- Charter-Time Warner Cable combination said to need limits
- Coalition says regulators should place limits on Charter
Dish Network Corp. and a trade group representing some of the largest U.S. broadband companies asked regulators to put limits on Charter Communications Inc.’s proposed purchase of Time Warner Cable Inc., saying the merger would hurt competition.
The proposed $55.1 billion deal would “reduce the ability of new players” to flourish in the broadband market, said Kevin Rupy, vice president of law and policy at USTelecom, an association with members including AT&T Inc. and Verizon Communications Inc.
U.S. regulators should make requirements of Charter before clearing the merger in order to keep the company from making Internet video more expensive for consumers or limit what’s available online, according to members of a new coalition critical of the merger who held a conference call Thursday.
The combination of Charter and Time Warner Cable would create the second-largest U.S. cable provider with 23.9 million customers in 41 states.
The enlarged Charter would have enough leverage to harm Dish’s Sling TV offering of programming over the Internet, said Jeff Blum, senior vice president at the satellite television company that’s branching into new services.
“There’s a lot of ways the new Charter can damage the over-the-top market,” Blum said.
Reviewing the Deal
Charter agreed in May to acquire Time Warner Cable and also to purchase Bright House Networks LLC for $10.4 billion.
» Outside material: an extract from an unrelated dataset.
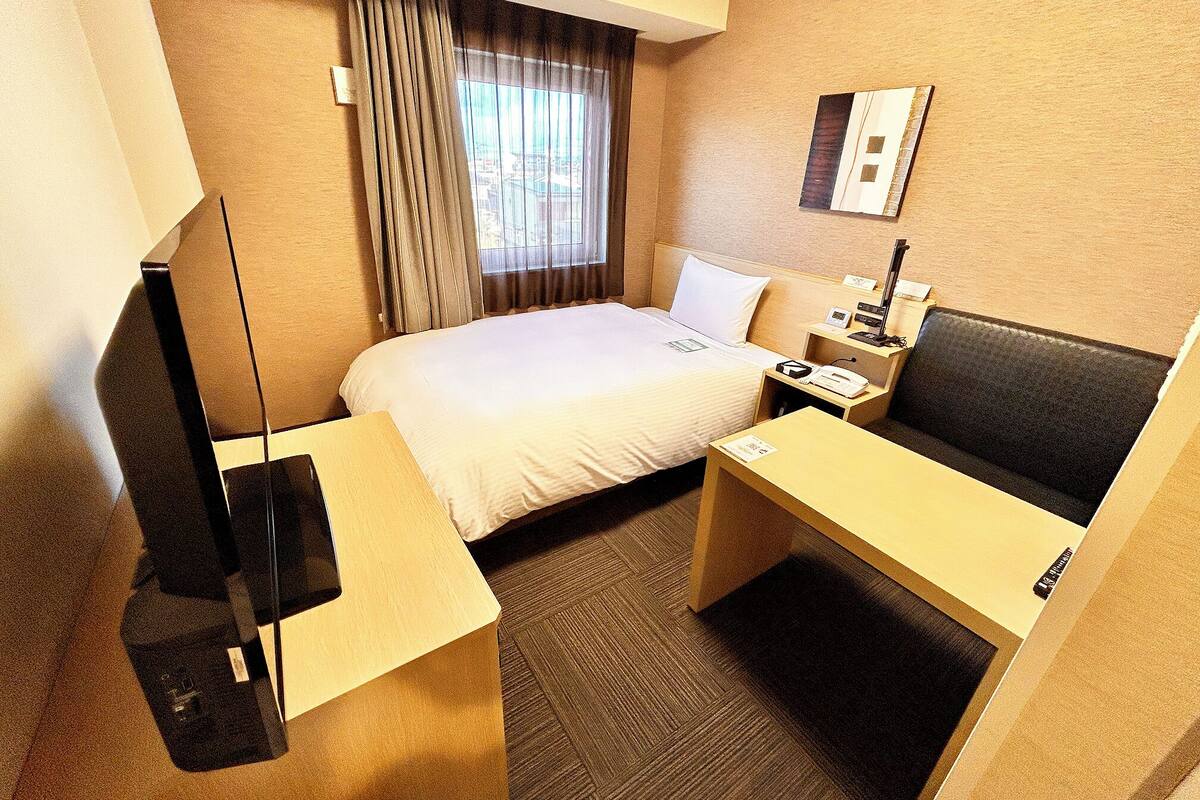 A hotel room with a bed, bedside table, desk, chair, lamp, and a window with curtains.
New York state regulators have approved the merger, and California regulators are considering it. In Washington, the Federal Communications Commission and Justice Department are reviewing the deal.
Critics of the deal formed what they call they the“Stop Mega Cable Coalition,” which staged Thursday’s call.
“Their arguments against the pending transactions are baseless,” Tamara Smith, a Charter spokeswoman, said in a statement. Charter’s practices are friendly to online video because, for example, it places no limits on data consumption, Smith said. She also cited support from Netflix Inc., the largest online video provider, which told regulators Charter had pledged fast connections.
Charter has told regulators it wouldn’t block or degrade Web traffic or favor its own online content ahead of others’ content, maintaining a commitment to the concept known as net neutrality. The company also wouldn’t impose caps on customers’ Internet usage or charge higher monthly rates if they consume more bandwidth.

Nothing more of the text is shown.